Episode 01

126 15 0
                                    


Distrik 4, pinggiran ibu kota dari Kerajaan Neingod.

Sepasang ayah dan anak menunggangi 2 ekor kuda secara bersisian. Sang anak bernama Alfiyansyah. Usianya 16 tahun, memiliki wajah rupawan, dan badan yang tidak besar maupun kecil. Di samping kanannya ada sang ayah yang bernama Agus Kuncoro. Ia berusia 45 tahun, memiliki kumis yang agak lebat, dan tinggi badannya sedikit lebih tinggi dari sang anak. Mereka berdua mengenakan setelan kemeja hitam dengan sedikit aksen putih di kerahnya. Tak lupa untuk mengurangi teriknya matahari, masing-masing kepala mereka ditutupi topi.

Dengan masih di atas kuda, Alfiyansyah menengok jam yang terikat di tangan kirinya. Setelah menurunkannya, ia melihat ke sisi kiri jalan. Mengarahkan pandangan ke sebuah tiang listrik dan bayangannya yang terbentang hingga menyentuh tepi jalan di seberangnya.
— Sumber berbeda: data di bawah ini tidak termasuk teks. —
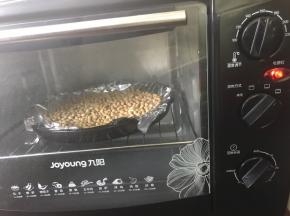 拿掉黄豆和锡箔纸，继续烤15分钟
"Tak ada tempat seperti itu di sini," ucap Agus tanpa menolehkan pandangan. Ia baru saja melakukan hal yang sama dengan anaknya.

Alfiyansyah tertegun. Hendak percaya dengan apa yang dikatakan sang ayah, namun ia merasa kalau itu tidak mungkin. Ia tak tahu kalau wilayah di mana ia berada sekarang tidaklah termasuk bagian negara yang jadi tempatnya lahir dan berkembang.
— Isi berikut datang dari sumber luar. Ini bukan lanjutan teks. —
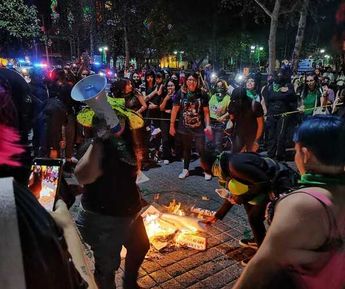 Las manifestantes comenzaron a quemar sus pancartas y a gritar más fuerte. / Alexandra Amao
Akhirnya mereka berdua turun dari tunggangan. Tak seperti sang ayah, Alfiyansyah enggan melangkah ke tempat yang jadi tujuan Kuncoro. Tak ada sikap membujuk. Tak ada pula pertanyaan mengenai keengganan sang anak untuk tidak mengikutinya. Kuncoro paham dengan sikap satu-satunya keturunan yang ia miliki itu.

Tunggangan mereka diikatkan ke sebuah tiang kecil khusus kuda. Kuncoro masuk ke dalam tempat yang memiliki jalan beranak tangga untuk menuju pintu masuk, dan pagar kayu yang membentang di berandanya. Sampai melewati pintu yang terbuka otomatis, dengan cepat Kuncoro menuju sebuah bar di mana tempat memesan kopi berada.

Coffee Beer, itu adalah tempat di mana Kuncoro berada. Sebuah tempat berlantai 2 yang mempunyai konsep gabungan antara menikmati berbagai macam kopi dan meneguk bir. Lantai terbawah khusus para peminum kopi, sedangkan di atasnya ada untuk mereka yang ingin meminum kopi dan bir.

Hari masih sore, lantai 2 dari Coffee Beer sama sekali tak berpenghuni. Tempat untuk bersenang-senang itu memang dibuka pasca matahari terbenam. Keadaan terbalik berada di lantai 1. Di sana hanya tersisa 2 buah kursi kosong yang kemudian diduduki Kuncoro salah satunya.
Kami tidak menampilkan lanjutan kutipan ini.